Hyperspectral anomaly detection based on score-guided cooperative autoencoders

Hyperspectral anomaly detection (HAD) is an important application of hyperspectral technology and has received extensive research attention. The lack of available prior spectral information limits deep-learning-based HAD. During the model training process, background and anomaly data are input into the network indiscriminately, and the model tends to overfit, which results in a better representation of backgrounds and anomalies. Anomalies and backgrounds are highly mixed together; therefore, it is difficult to effectively separate them and measure the difference between them. To mitigate these challenges, this study proposes a HAD algorithm based on score-guided cooperative autoencoders (SGCAE). Through the cooperative training of two autoencoders, suspected 'anomalies' are continuously removed during the training process to purify the training data. The autoencoder's ability to discriminate anomalies from backgrounds is enhanced using a score-guided network in the hidden layer of the autoencoder.

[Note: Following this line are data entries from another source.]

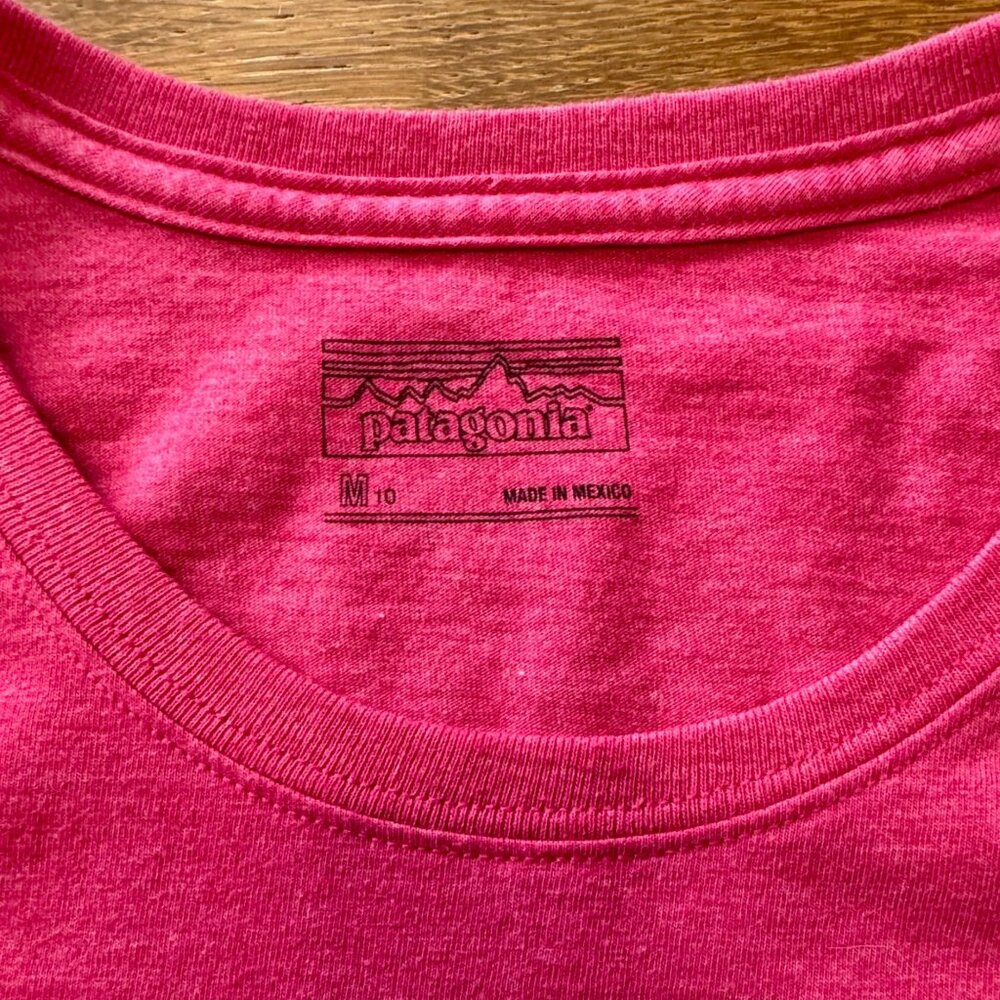 PATAGONIA Pink Logo T-Shirt Girls M 10 Medium Organic Cotton Long Sleeve Tee Top - Picture 4 of 6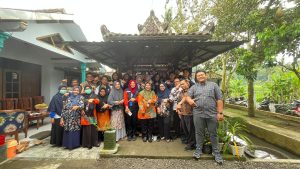 Mahasiswa KKN-T UNDIP Perkuat Daya Saing Produk Olahan Perikanan Salatiga Menuju Pasar Global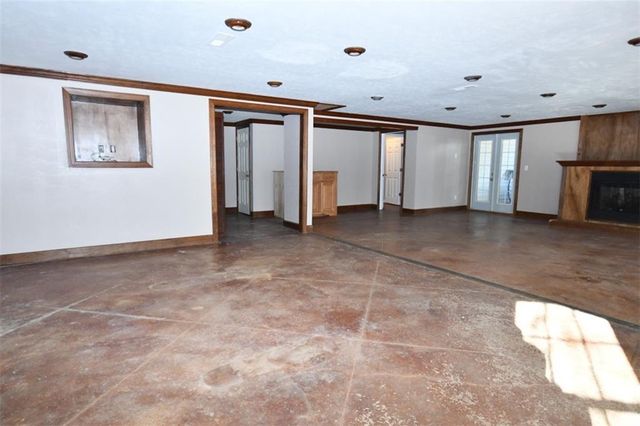 311 Hidden Lakes Drive, Carrollton, GA 30116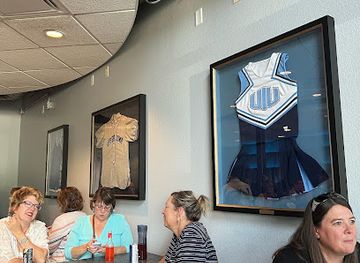 iowa/backbone-state-park/bar/pete-s-bar-and-grill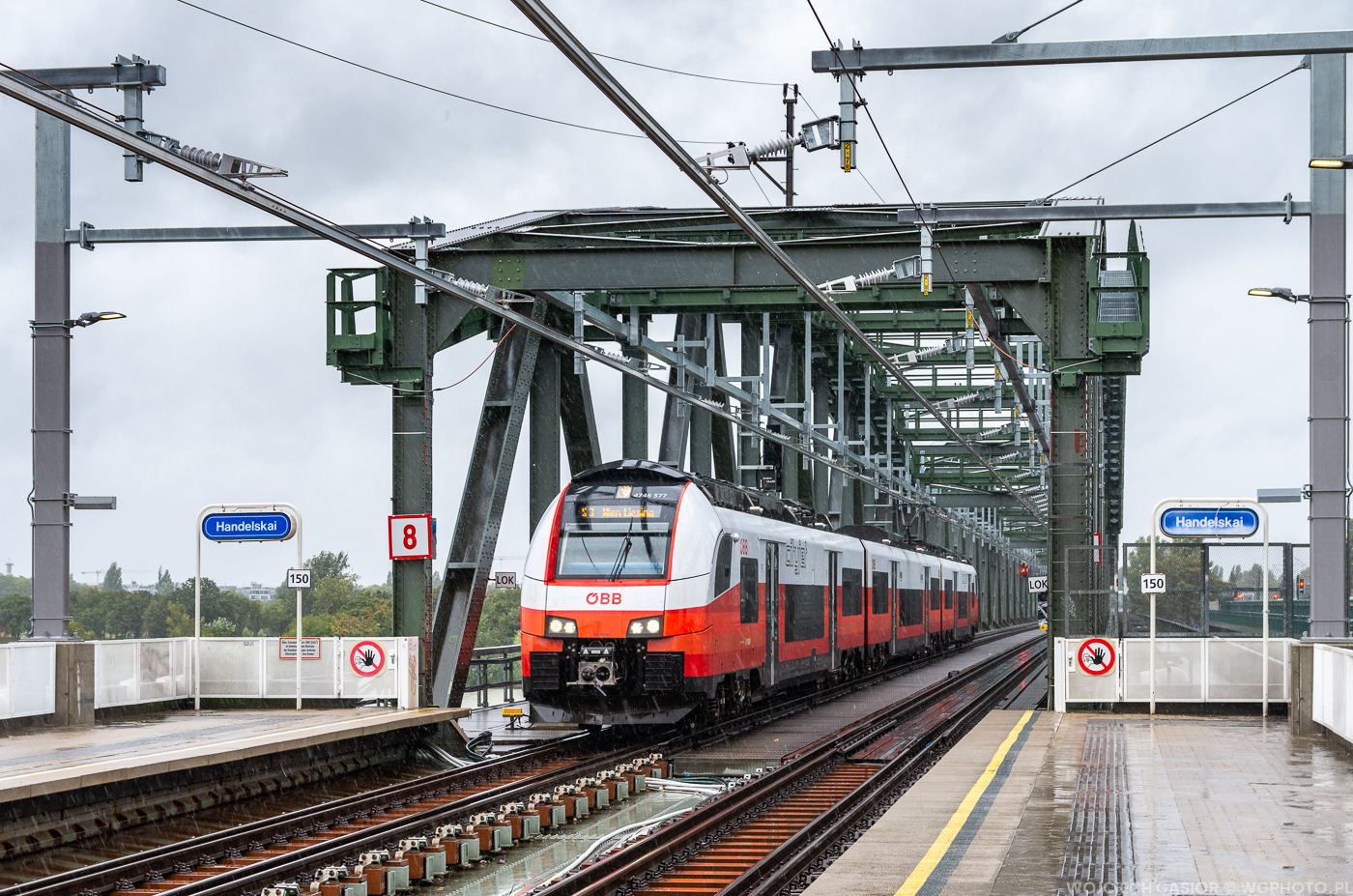 Nadal biało-czerwono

The score-guided network encourages the model to learn from obvious-background and obvious-abnormal data, gradually distinguish highly mixed backgrounds and anomalies, and output end-to -end anomaly scores. We apply the proposed algorithm to four real hyperspectral datasets. The experimental results verified the effectiveness of the proposed SGCAE algorithm and demonstrated that it outperforms other state-of-the-art methods.